• _Task statement_: An exact copy of the listing below is required, minus its pictures.

• _Given information_:
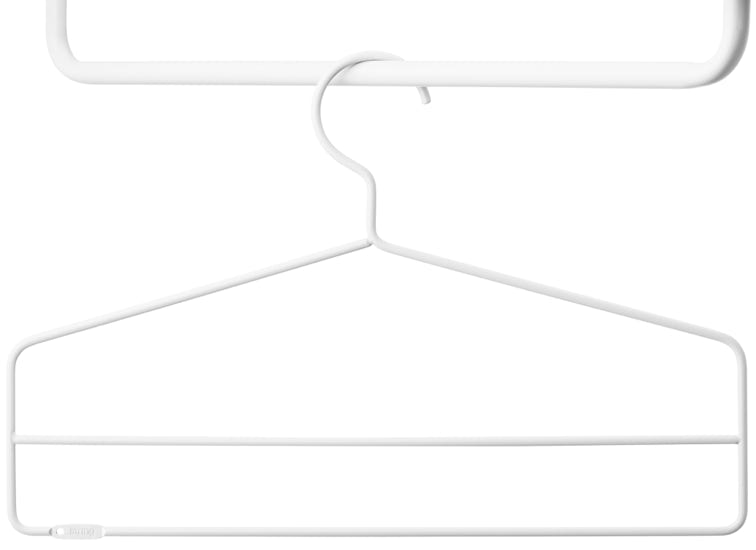 Accessoires – Étagères String – String Furniture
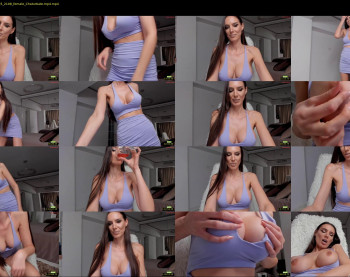 unforgettable_s — 120 minute Chaturbate female teen cam video, 720p, May 17, 2025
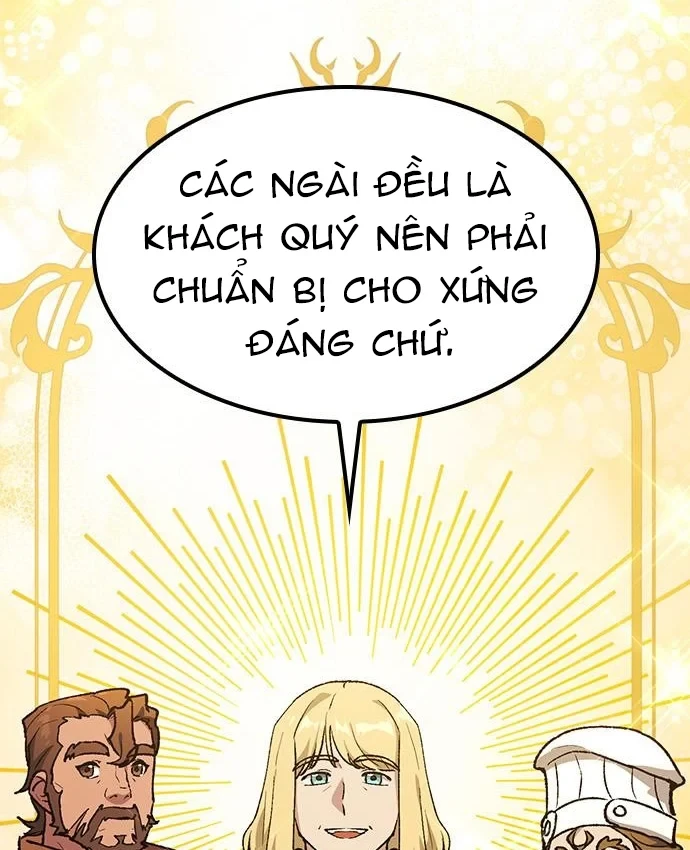 Chữa Lành Cuộc Sống Thông Qua Cắm Trại Ở Thế Giới Khác Chapter 101 - 15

• _Result of the task_:
 Accessoires – Étagères String – String Furniture
 unforgettable_s — 120 minute Chaturbate female teen cam video, 720p, May 17, 2025
 Chữa Lành Cuộc Sống Thông Qua Cắm Trại Ở Thế Giới Khác Chapter 101 - 15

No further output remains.